Human history has come to this day by producing class, sexual and ethnic contradictions within its own structure since the moment it came into settled life. In certain periods of history, these problems have been tried to be solved through wars shaped by ethnic, religious and national conflicts, while some historical actors have proposed and fought for egalitarian and libertarian solutions by going beyond ethnic, religious and cultural conflicts. While these efforts have sometimes been limited to intellectual or moral utopias, at other times, they have found expression in spontaneous uprisings (rebellions, revolts).
For the first time in history, the working class struggle and socialism, which matured intellectually in this struggle, put the longing for a classless, exploitation-free, stateless life worldwide on “scientific” foundations and made it a realizable idea.
In the light of this idea, the experience of the Paris Commune and then the Bolshevik Russian Revolution (the Bolshevik Revolution in Russia), in which a social order in which class domination was ended for the first time in history, took place and showed the world that this was possible.

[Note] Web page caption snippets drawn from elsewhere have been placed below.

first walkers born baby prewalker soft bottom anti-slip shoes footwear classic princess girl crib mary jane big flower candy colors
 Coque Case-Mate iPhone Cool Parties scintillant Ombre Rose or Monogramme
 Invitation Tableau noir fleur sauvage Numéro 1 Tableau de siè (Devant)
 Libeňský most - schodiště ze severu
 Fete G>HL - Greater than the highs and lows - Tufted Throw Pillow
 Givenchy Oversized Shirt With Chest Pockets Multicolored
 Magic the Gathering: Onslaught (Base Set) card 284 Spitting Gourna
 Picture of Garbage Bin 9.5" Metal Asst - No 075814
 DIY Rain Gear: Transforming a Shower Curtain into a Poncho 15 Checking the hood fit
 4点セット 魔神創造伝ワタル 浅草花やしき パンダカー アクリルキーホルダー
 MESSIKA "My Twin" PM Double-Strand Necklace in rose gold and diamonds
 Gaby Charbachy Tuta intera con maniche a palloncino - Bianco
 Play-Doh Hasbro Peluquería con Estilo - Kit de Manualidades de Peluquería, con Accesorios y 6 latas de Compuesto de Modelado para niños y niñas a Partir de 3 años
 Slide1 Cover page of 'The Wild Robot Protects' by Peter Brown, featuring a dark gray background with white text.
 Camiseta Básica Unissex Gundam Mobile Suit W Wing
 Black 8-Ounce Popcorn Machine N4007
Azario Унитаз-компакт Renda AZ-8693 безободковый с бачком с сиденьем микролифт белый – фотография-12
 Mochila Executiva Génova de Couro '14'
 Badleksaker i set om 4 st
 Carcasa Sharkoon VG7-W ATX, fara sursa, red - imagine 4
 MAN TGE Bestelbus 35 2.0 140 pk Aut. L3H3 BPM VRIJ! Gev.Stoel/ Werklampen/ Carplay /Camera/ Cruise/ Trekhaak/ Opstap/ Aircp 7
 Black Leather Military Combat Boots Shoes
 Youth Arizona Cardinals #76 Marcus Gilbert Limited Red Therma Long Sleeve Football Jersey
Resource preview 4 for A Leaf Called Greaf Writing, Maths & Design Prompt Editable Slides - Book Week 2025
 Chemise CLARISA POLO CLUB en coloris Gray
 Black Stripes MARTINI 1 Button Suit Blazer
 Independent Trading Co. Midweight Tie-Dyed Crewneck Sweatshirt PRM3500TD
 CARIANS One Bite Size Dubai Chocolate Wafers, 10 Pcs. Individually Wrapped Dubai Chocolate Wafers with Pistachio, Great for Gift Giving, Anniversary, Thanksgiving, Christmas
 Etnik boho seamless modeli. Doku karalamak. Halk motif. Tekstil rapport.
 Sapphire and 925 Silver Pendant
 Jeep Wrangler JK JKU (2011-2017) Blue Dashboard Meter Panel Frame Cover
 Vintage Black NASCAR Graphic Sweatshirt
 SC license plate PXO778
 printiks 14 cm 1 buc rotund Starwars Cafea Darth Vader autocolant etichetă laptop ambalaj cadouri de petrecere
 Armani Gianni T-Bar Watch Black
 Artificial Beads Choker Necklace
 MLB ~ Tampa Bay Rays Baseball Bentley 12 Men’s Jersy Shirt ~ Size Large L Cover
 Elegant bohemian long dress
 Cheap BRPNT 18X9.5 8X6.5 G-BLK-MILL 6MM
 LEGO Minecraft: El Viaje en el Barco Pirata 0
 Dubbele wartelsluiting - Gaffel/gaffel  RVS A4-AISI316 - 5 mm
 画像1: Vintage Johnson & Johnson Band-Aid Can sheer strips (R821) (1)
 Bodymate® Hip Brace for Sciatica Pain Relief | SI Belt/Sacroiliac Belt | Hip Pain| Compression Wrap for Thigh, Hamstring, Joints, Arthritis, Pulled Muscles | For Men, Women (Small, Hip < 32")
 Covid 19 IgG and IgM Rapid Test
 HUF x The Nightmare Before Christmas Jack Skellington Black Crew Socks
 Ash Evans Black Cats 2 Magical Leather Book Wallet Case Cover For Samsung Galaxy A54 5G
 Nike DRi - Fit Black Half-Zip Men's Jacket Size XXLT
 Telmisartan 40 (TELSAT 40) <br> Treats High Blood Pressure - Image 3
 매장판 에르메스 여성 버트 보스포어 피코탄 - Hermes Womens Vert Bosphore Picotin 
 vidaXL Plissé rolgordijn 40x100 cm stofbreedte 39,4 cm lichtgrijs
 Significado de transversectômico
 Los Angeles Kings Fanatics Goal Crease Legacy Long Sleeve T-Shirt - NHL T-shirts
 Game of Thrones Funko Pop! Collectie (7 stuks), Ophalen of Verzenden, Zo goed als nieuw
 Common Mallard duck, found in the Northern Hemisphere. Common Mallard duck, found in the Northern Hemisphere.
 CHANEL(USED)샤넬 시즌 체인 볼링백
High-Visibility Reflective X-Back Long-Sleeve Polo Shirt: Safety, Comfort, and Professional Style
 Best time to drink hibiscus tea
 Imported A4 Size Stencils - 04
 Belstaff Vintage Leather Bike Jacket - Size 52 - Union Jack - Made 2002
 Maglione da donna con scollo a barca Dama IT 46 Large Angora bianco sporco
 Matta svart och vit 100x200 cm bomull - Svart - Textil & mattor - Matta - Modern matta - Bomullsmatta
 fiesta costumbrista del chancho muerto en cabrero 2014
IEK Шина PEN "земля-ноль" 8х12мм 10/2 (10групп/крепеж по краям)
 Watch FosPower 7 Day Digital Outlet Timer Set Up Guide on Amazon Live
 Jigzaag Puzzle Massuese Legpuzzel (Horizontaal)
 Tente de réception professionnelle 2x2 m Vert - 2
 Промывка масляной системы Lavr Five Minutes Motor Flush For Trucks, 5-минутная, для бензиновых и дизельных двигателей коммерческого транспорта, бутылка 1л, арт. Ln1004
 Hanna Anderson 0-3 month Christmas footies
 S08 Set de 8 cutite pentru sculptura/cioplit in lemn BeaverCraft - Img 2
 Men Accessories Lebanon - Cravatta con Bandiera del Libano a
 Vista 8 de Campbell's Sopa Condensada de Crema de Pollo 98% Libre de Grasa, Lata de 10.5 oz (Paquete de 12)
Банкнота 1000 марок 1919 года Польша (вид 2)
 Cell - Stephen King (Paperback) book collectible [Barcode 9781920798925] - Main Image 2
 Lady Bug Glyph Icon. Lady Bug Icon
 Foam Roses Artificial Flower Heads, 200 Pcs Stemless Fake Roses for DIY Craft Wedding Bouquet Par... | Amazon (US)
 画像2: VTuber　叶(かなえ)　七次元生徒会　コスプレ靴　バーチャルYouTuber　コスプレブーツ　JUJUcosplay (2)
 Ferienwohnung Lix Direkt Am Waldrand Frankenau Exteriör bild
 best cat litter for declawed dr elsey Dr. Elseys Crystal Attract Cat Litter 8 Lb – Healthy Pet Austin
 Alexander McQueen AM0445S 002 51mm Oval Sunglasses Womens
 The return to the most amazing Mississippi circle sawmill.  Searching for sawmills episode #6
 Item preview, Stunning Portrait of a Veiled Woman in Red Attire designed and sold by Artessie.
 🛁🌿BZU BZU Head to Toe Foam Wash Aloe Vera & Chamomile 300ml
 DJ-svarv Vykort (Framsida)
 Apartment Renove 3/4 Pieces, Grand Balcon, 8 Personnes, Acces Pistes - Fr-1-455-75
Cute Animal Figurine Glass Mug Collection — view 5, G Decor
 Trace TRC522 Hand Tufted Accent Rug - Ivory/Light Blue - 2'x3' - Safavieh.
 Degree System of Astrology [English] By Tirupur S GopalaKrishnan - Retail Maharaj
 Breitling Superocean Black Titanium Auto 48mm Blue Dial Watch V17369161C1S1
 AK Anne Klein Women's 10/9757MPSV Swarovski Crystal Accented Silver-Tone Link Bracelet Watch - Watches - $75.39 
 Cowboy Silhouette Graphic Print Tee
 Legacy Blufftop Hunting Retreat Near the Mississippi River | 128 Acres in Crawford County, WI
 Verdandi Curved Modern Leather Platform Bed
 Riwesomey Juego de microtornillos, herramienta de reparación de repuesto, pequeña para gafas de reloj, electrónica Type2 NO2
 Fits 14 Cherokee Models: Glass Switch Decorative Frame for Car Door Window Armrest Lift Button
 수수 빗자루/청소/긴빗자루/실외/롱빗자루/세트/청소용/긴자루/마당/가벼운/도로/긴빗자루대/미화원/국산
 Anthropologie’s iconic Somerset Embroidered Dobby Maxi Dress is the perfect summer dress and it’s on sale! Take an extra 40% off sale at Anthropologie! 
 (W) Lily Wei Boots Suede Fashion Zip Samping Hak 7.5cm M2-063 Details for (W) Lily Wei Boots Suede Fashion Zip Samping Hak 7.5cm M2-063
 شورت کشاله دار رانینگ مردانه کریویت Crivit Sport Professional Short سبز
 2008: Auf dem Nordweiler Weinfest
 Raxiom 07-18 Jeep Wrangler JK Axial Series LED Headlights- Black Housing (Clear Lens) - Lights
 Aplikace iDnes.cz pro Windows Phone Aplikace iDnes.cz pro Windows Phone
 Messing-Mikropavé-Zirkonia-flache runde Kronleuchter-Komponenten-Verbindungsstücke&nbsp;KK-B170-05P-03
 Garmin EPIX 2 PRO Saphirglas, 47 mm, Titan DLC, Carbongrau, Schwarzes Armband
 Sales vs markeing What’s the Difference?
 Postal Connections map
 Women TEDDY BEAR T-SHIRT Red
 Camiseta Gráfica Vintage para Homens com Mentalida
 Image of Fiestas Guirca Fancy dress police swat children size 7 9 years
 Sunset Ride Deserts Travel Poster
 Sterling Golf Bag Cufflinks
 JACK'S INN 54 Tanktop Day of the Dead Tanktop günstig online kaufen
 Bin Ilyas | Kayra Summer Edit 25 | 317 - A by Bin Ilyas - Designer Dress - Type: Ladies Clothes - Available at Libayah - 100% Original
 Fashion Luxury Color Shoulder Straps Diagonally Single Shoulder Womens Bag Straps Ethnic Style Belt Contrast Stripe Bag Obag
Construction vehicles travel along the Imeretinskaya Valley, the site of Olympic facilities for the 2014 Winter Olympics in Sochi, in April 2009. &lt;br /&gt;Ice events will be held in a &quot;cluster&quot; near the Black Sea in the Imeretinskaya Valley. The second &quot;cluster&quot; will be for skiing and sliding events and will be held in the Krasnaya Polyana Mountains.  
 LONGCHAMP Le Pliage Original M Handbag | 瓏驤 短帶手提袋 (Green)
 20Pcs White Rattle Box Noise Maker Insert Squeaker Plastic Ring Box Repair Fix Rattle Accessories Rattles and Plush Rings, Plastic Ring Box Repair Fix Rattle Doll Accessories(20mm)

In the reality of the 21st century, a period in which all social relations and contradictions are being redefined, we embrace the aspiration for a classless, exploitation-free, egalitarian, and just world as part of the working-class struggle. Regardless of the successes and failures of the 150-year history of this struggle, we acknowledge our mission to uphold this legacy and pass it on to new generations in a century where capitalism and imperialism not only exploit the wealth of workers and impoverished peoples but also commodify nature itself, eroding all social and human values.